Kart also needs to skip over any features that have not fetched - since they are not present locally, Kart doesn’t know exactly what those features are, but can infer that they must be features somewhere outside the spatial filter, or they would have been fetched. Kart is only willing to skip over missing features in this way if a spatial filter was active during the clone operation, and the missing features are in “promisor” packfiles, which are packfiles which can have missing objects - partial clones result in these types of packfiles. Standard packfiles (non-promisor) by contrast are guaranteed to not have any missing objects, so Kart will abort immediately if it encounters a missing object in such a packfile - since the guarantee has been unexpectedly broken, the repository must be corrupt in some way.
The third party libraries that Kart uses for reading Git repositories - pygit2 and libgit2 - currently don’t have full support for partial clones, so they don’t have a way of separating objects that are missing-but-promised (as in promisor packfiles) and objects that are unexpectedly missing (that is, corrupt). Kart maintains a fork of each project which has this functionality added, but which has not yet been merged upstream. These are found here:
Appendix - More on Limitations
Not much disk space is saved when features are small on disk
(Previously tracked as #557)
When spatial filtering is applied during a clone, some blobs are not sent, but at this point, all tree objects are sent. (These “tree” objects group the features into a hierarchy that is not visible to the user, but which gives the repository a git-compatible structure).
When features are very small in terms of bytes on disk (ie, more commonly for POINT geometries), then the feature blobs may be much smaller than the tree structure, and a spatially filtered clone may not provide much benefit at all in terms of bandwidth or disk space saved.

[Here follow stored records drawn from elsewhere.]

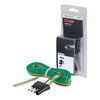 4-Way Flat Wiring Connector Trailer Bonded - image 3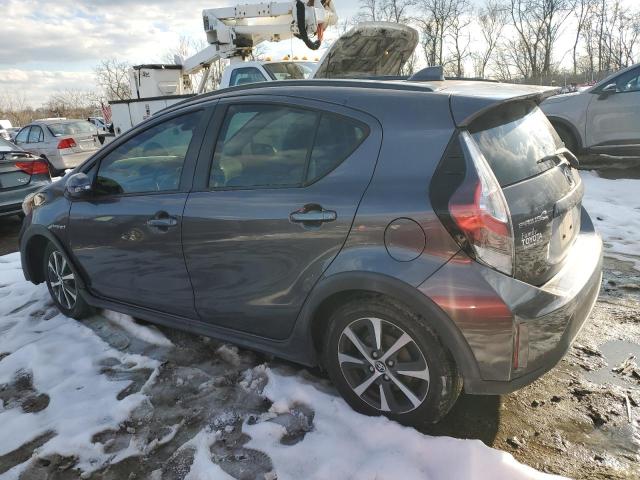 Vin: jtdkdtb34j1607469, lot: 86483764, toyota prius 20182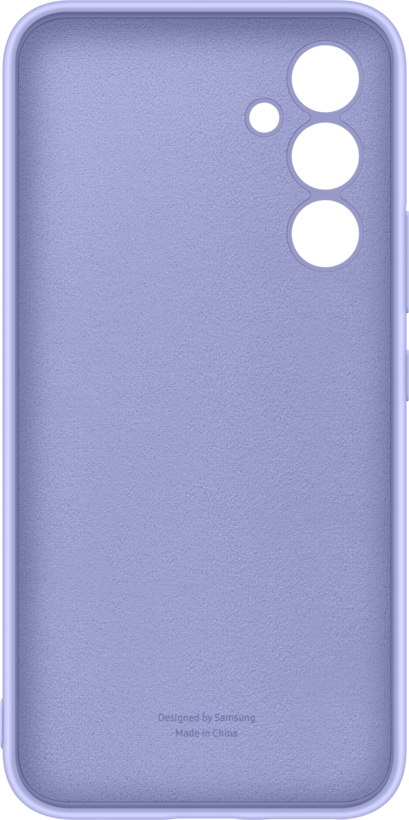 Samsung Galaxy A54 Silicone Case Berry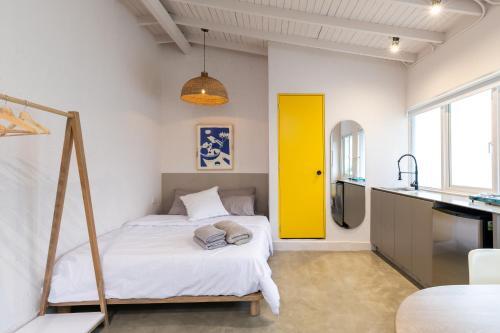 Apartamento Primavera - Studios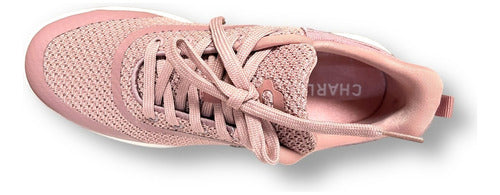 Tenis Charly Mujer Para Caminar 1049959002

In this case, you might opt to clone without a spatial filter at all
since it is not benefitting you, or you might opt to clone with
--spatial-filter-after-clone
- this flag means that the spatial
filter is only applied locally, which means you can change it at any
time without having to refetch any missing features.
Repeatedly changing the spatial filter is inefficient
(Previously tracked as #558)
Changing the spatial filter “locally” is relatively efficient - in this scenario you have already fetched the necessary data, and Kart is just changing your view of the data and repopulating the working copy with only the data that matches your spatial filter.
These local-only changes happen if you cloned the entire repository originally - in this case you can set any spatial filter you want from that point on and it will always be a local-only change - or, if you originally cloned with a large spatial filter, and you are now changing the spatial filter to be a smaller spatial filter that is a subset of it.
Changing your spatial filter to a new spatial filter that isn’t a subset of what was originally fetched, causes the fetching of data to begin again from scratch - it is no more efficient in terms of bandwidth than if you had cloned a brand new repository while specifying the new spatial filter. Currently no attempt is made to skip the resending of features that the client already has (this is possible, but technically difficult and not yet implemented).
For this reason, if you intend to change the spatial filter often, it is best to initially clone using a spatial filter that is a superset of the various spatial filters you intend to use (for example, if you intend to switch between using different cities in your state as spatial filters, it is probably best to clone the entire state initially). Depending on your use case, it may be simplest to clone the entire repository.